LE MOSTRE. LA BRILLANTE ESPERIENZA ROMANA
Il crescente successo, oltre ai numerosi riconoscimenti, portò con sè una serie di mostre che contribuirono a consolidarne la notorietà non solo negli Stati Uniti ma anche all’estero: infatti dopo la prima mostra tenuta nel Bronx nel 1929, ne seguirono altre tra il 1931 e il 1932 a Vienna, Berlino, Milano, Londra e Zagabria, accompagnate dall’assegnazione di prestigiose medaglie di merito. L’invito ricevuto dalla segreteria particolare di Mussolini nel 1935, portò Oggiano in Italia per una sessione fotografica con il Duce da cui ricavò un’insolita serie di ritratti del dittatore italiano spogli del rigore dell’ufficialità, dall’impronta quasi intimistica, presto finiti sulla stampa internazionale.
Le immagini del dittatore, insieme a numerosi altri ritratti del fotografo, vennero presentate nel corso di una mostra di grande successo tenutasi a Roma nello splendido Palazzo Colonna; un evento che gli valse l’attenzione di altri membri del governo fascista così come di altre figure del mondo della politica e della cultura del tempo, pronti ad affidarsi al suo obiettivo: fu il caso, tra gli altri, del conte Galeazzo Ciano, genero di Mussolini nonché Ministro degli Affari Esteri del Regno d’Italia; del segretario del partito fascista Achille Starace; del principe Piero Colonna, Governatore di Roma, e della sua consorte; del principe e senatore Ludovico Spada Potenziani; del poeta e scrittore Filippo Tommaso Marinetti, fondatore del movimento futurista. Un’esperienza esaltante che si concluse con la visita ai familiari di Oria, in Puglia, dove fu accolto con grandi onori.
Nell’ottobre di quell’anno, sulla nave “Conte di Savoia”, Oggiano rientrò a New York insieme alla moglie e ai quattro figli che lo avevano seguito in Italia, ma pochi anni dopo sarebbe tornato a Roma per una nuova mostra di suoi ritratti che si tenne il 13 settembre 1938 nella Sala Argento del Grand Hotel in Piazza delle Terme, occasione nella quale scattò ritratti ad altri personaggi di spicco come l’ambasciatore statunitense a Roma, William Phillips. Legato com’era alla cultura delle sue radici, Oggiano colse l’occasione di quel viaggio nella Capitale per far frequentare ai figli dei corsi di lingua italiana e infine tornò in visita dai suoi amati parenti a Oria, nel cui Castello tenne per i concittadini una mostra di ritratti introdotta da una entusiastica relazione del Prof.

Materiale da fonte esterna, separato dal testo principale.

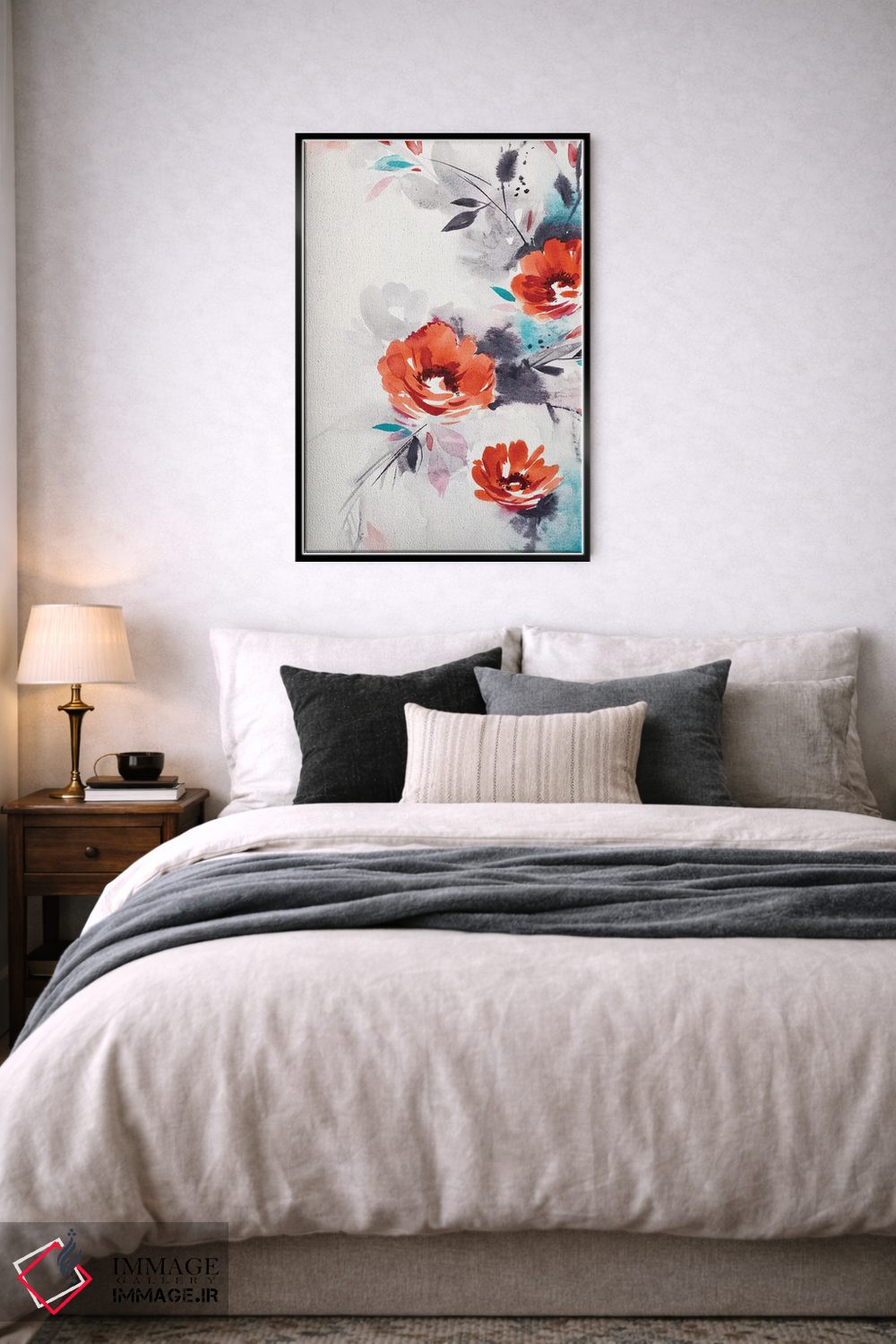 تابلو دکوراتیو گل های قرمز مینیمال اثر لسیا بینکین - D6B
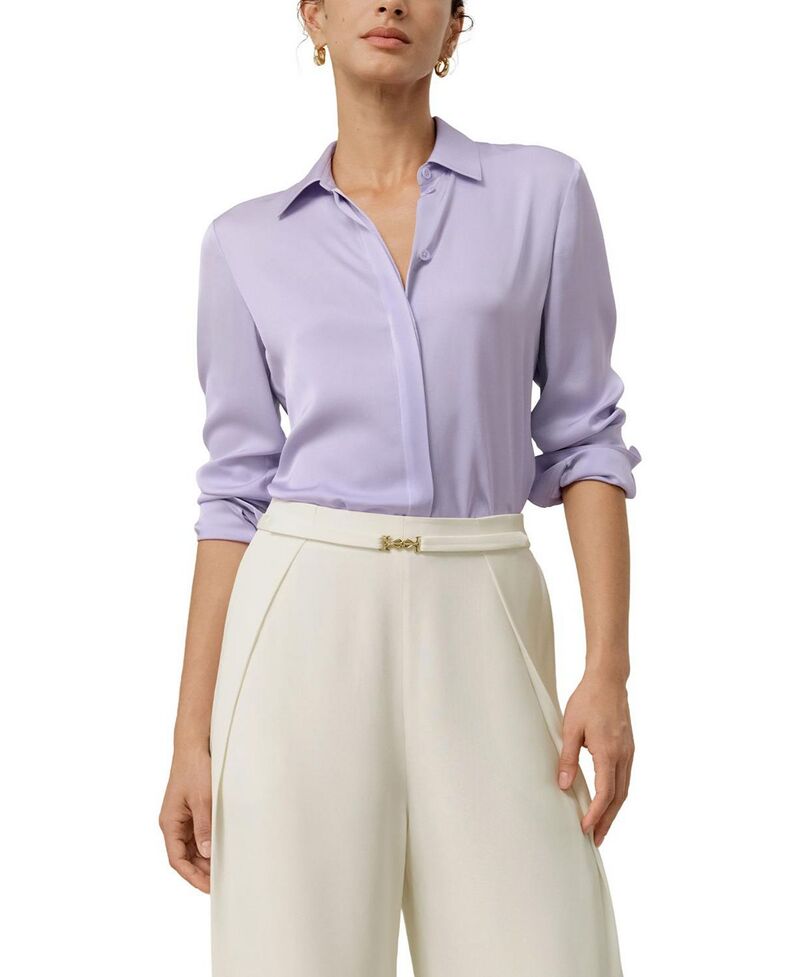リリーシルク レディース トップス シャツ ジョーゼット LILYSILK Stretch Double Georgette Shirt Orchid Petal|ReVida 店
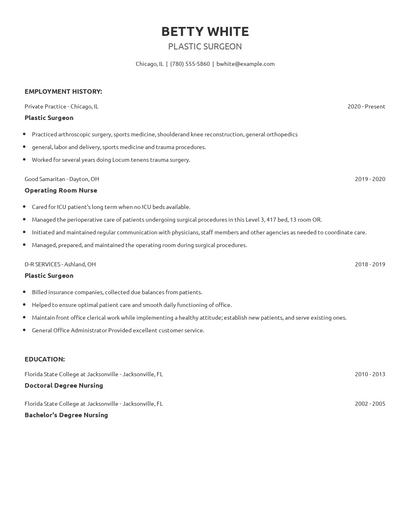 Plastic Surgeon Resume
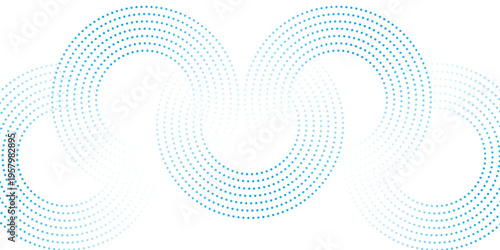 Bright blue minimal dotted lines abstract background. Geometric concept vector design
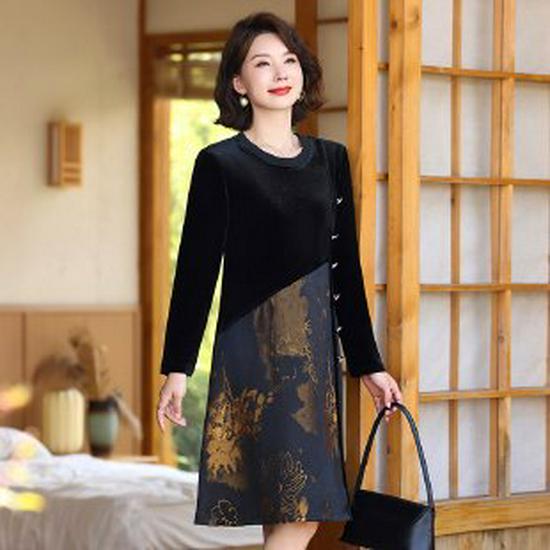 

2026 Elegant Long-Sleeved Dress for Middle-Aged & Elderly Women: Spring & Autumn Chic Mid-Length Skirt Fashion 3XL чёрный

Pasquale Marsella, storico e presbitero della sua città che, in un’intervista a Vincenzo Capparelli, direttore del giornale italo-americano Il Nuovo Vessillo, Oggiano definisce ”il mio primo caro maestro in Italia”. A settembre, lasciato il resto della famiglia dai parenti in Puglia, rientrò a New York con la speranza di tornare presto in Italia. Nuove mostre lo aspettavano in Inghilterra, Giappone e Germania, mentre a New York era prevista la sua partecipazione, tra i rappresentanti dell’Italia, alla World’s Fair del 1939.
Nel 1940, mentre si trovava a New York, tenne una grande mostra di ritratti femminili all’Hotel Barbizon Plaza rimasta memorabile: i 344 ritratti in esposizione furono un omaggio che il fotografo, con afflato femminista ante-litteram, volle rendere alla “infinità di donne intellettuali, colte e geniali scrittrici di novelle e di poesie, attrici mirabili, stelle dell’arte e del giornalismo” dichiarando di avere “un culto profondo di devozione per la donna in generale e in particolare per quelle donne elette le quali col profumo del loro intelletto e del loro cuore, molto hanno contribuito al movimento sociale, culturale ed artistico e, quindi, al progresso e alla civiltà” degli Stati Uniti. Dello stesso anno è anche la mostra di ritratti di danzatori alla Kamin Dance Gallery e quella di ritratti dei critici teatrali di New York all’Algonquin Hotel.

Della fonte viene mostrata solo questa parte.